### WHAT YOU HAVE TO DO
Set down, please, exactly the lines below that run from the line with "The image shows" to the line with "Windows on old log house Stock Photo", both lines included.

### RECORDED DATA
_ _ _ _ _ _ _
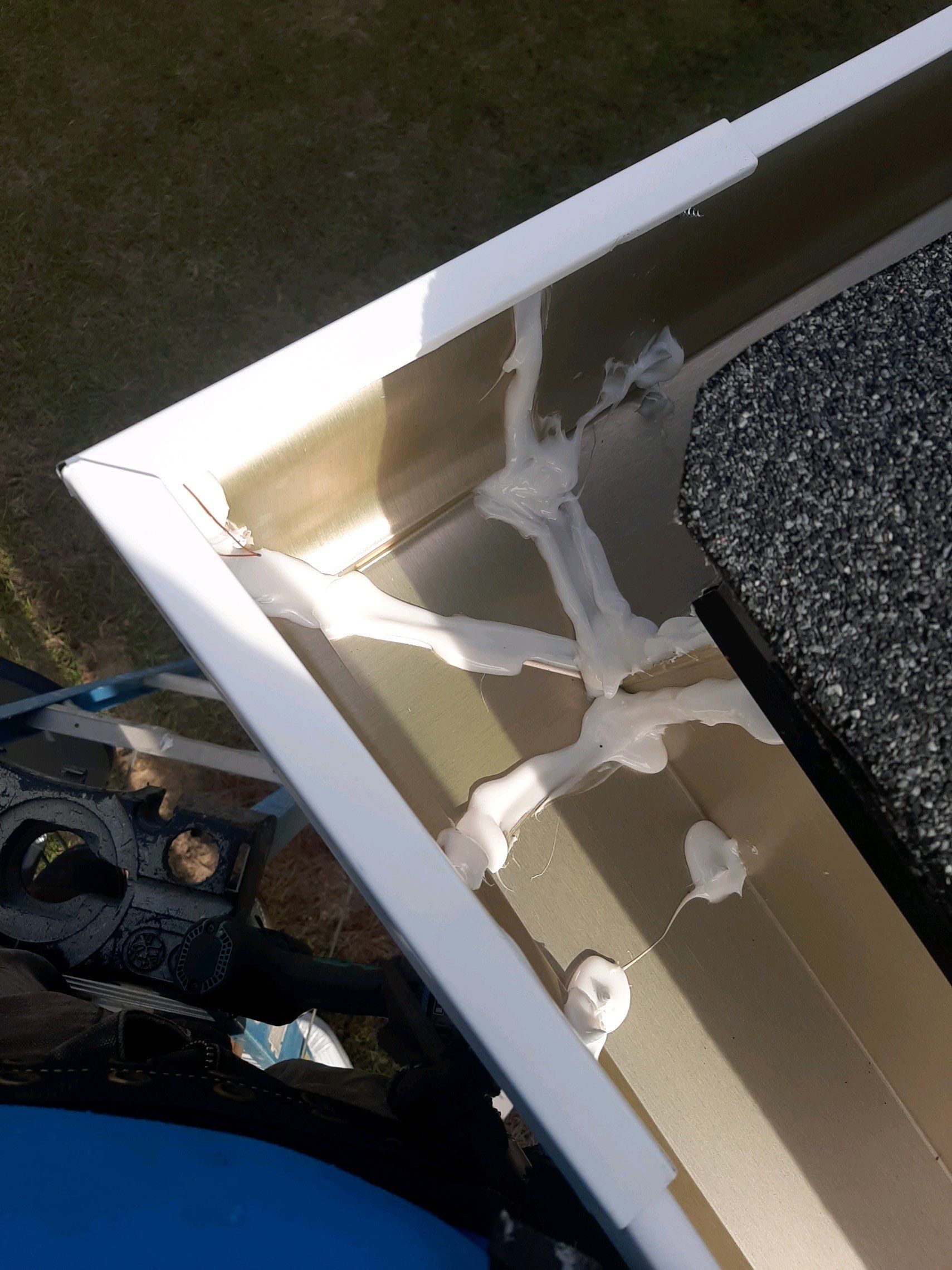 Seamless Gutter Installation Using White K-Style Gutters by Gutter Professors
_ _ _ _ _ _ _
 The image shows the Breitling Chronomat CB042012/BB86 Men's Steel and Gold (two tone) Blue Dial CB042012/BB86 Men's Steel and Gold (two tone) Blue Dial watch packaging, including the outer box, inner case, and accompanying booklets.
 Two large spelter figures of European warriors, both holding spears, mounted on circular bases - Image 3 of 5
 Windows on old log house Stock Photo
_ _ _ _ _ _ _
### ANSWER TO THE PROBLEM
 The image shows the Breitling Chronomat CB042012/BB86 Men's Steel and Gold (two tone) Blue Dial CB042012/BB86 Men's Steel and Gold (two tone) Blue Dial watch packaging, including the outer box, inner case, and accompanying booklets.
 Two large spelter figures of European warriors, both holding spears, mounted on circular bases - Image 3 of 5
 Windows on old log house Stock Photo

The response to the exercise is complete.